2) Some keys are non-global, or contextual. The requirements block of a route, for instance, can have a regex for any parameter. The defaults block can have a default for any parameter if it's the last parameter or all parameters after it also have a default set. Some keys only make sense in the presence of other keys. Etc. This could also become an issue with FAPI, where we have keys that are on 1/3 of all form elements, other keys that are on a different, overlapping third, etc.

jhodgdon’s picture

OK, that's more illuminating, thanks!

I don't quite understand the proposed structure for the @datastructurekey line, though. A lot of / and * and stuff. What does it mean?

joachim’s picture

@Crell, yup, that's pretty much the gist of it. Thank you for expanding on what I wrote and making the examples :)

There's a few things where I was thinking along very slightly different lines, so I'll expand on those first here before changing the summary straight away.

First, I was thinking that the tag that defines the base structure could also include the parts of the structure that are defined by the original inventor.
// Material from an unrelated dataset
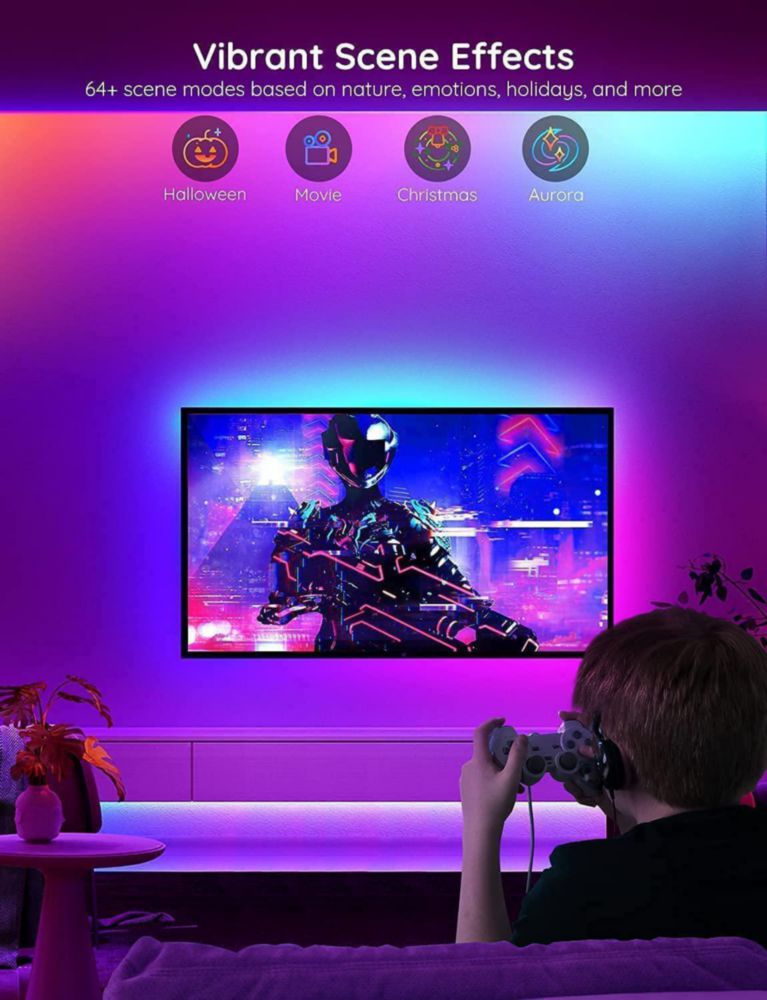 Tira de luces LED RGBIC Govee de 100 pies luces LED inteligentes que funcionan con Alexa y el Asistente de Google luces LED para dormitorio control de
So with the Router example, the Router class recognizes some basic keys in the route structure. So we might have:

/**
 * // ...
 *
 * @datastructure route
 *   A route defines a mapping from an incoming request to the
 *   code that will handle it.
 * - *: The name of the route. An arbitrary string, which must be
 *   unique across the site. It's a good idea to prefix this with
 *   the name of your module.
 *   - defaults: Properties of the route that yada yada (I have no idea what
 *     the difference between defaults and options is, as it happens ;)
 *     - _controller: The callable that will be invoked for this route.
 *       This may
 *       be one of (and this is where we hit a problem, because I want 
 *       to make a
 *       bullet list here, but it's NOT part of the structure!): 
 *       a) a function
 *       name, b) a static method, in the form 
 *       '\Namespace\Class::method', c) a
 *       method on a service, in the form 'service.name:method'.
 */
class Router extends UrlMatcher implements RequestMatcherInterface, RouterInterface {

(Sorry for the awful wrapping -- I had it wrapped to 80 in my text editor, but d.org's formatting seems to be set to narrower, so having to hack at it in haste.)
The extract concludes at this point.